Question Of The Month

Should Maryland gamble on slots?

January 31, 2004

Q: Should the state approve slot machine gambling? If so, where would you put the slots? Would you favor a referendum on the issue?

The state should reject slots.

Slots come with heavy social costs. These costs include increased embezzlement, which results in business bankruptcies and unemployment of innocent employees. Slots create opportunities for compulsive gamblers to bankrupt their families. They also result in increased alcoholism, domestic abuse, divorce and suicide rates.

Several studies have found that the increased social costs could exceed any additional state revenue. And all estimates of additional state revenue show that slots will be insufficient to eliminate Maryland's structural deficit.

Finally, the state should be extremely wary of privatizing its tax base by allowing gambling interests to own slots emporiums.

Whatever percentage of the take the state allows owners to keep, within a few years they will be complaining it isn't enough. Then they will demand the state give them more or they'll move to Delaware.

Sheldon H. Laskin

Baltimore

If we can vote for president or risk our lives in war, we can manage our use of slots without guardianship from the state legislature.

There probably would be some slots-related abuses and even some related tragedies.

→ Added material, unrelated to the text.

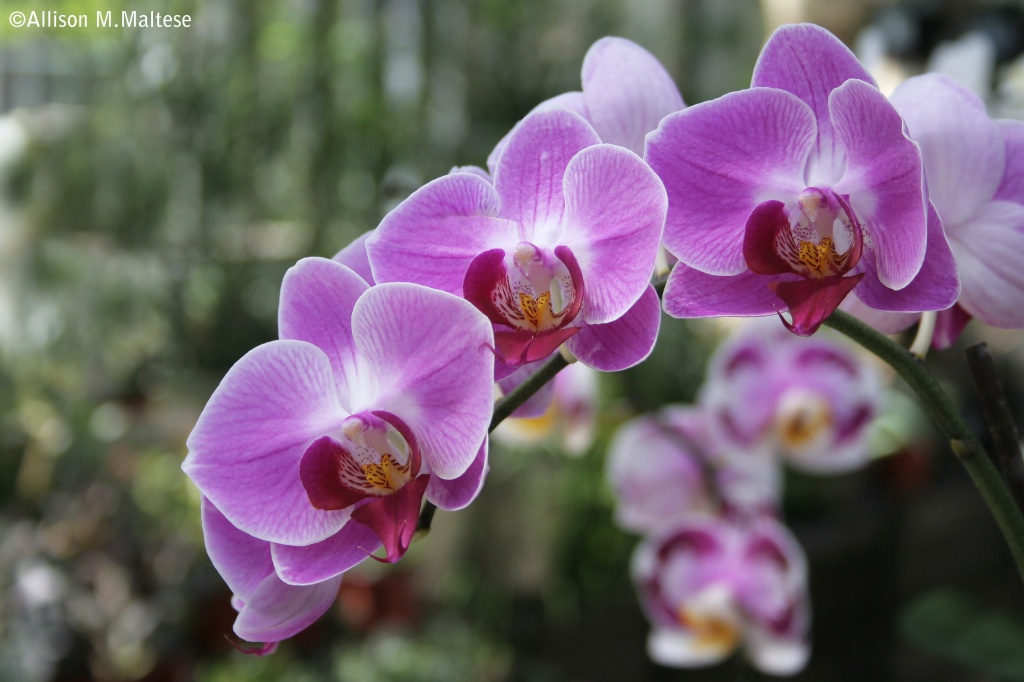 Orchids by falcon11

Abuses and tragedies related to prescription drugs and alcohol happen every day, but they affect only a minority, and people have managed to keep them in perspective.

And the domino theory that leads from slots to pervasive corruption is no more convincing than the discredited idea of communism spreading from North Korea or Vietnam to the rest of the world.

It makes little sense to prohibit slots in Maryland when they are available in Delaware, and consequently deny our state the substantial revenue slots would provide.

Allen S. Lloyd Jr.

Catonsville

The state's budget shortfall dictates that we must find a source of additional revenue. What better way than using slots (and perhaps casinos) rather than raising taxes or creating new taxes and fees?

I urge state politicians to join together and vote for slots and casinos in Maryland. But if the politicians can't come to an agreement, let the citizens vote on slots.

The slots or casinos should be controlled by the state. And the majority of the revenue must go to its treasury.

Robert Soller

Carney

Maryland is in danger of falling prey to the "easy money" solution touted by the governor and the massive gambling lobby. But slots would not solve anything and would create a range of expensive problems.

Revenue from slots would not come near to balancing our budget. Experts disagree on how much we could expect Marylanders to lose at slots, but no serious observer believes that it would come close to what the state needs.

At the same time, slots would cost the state big in other ways. We would need to regulate this predatory industry, create addiction services, and cover the costs of roads, safety and other infrastructure the slots facilities would need.

Meanwhile, existing tax-paying businesses would suffer, as dollars were reallocated to gambling from other more positive activities.

Slots would also lower Maryland's status.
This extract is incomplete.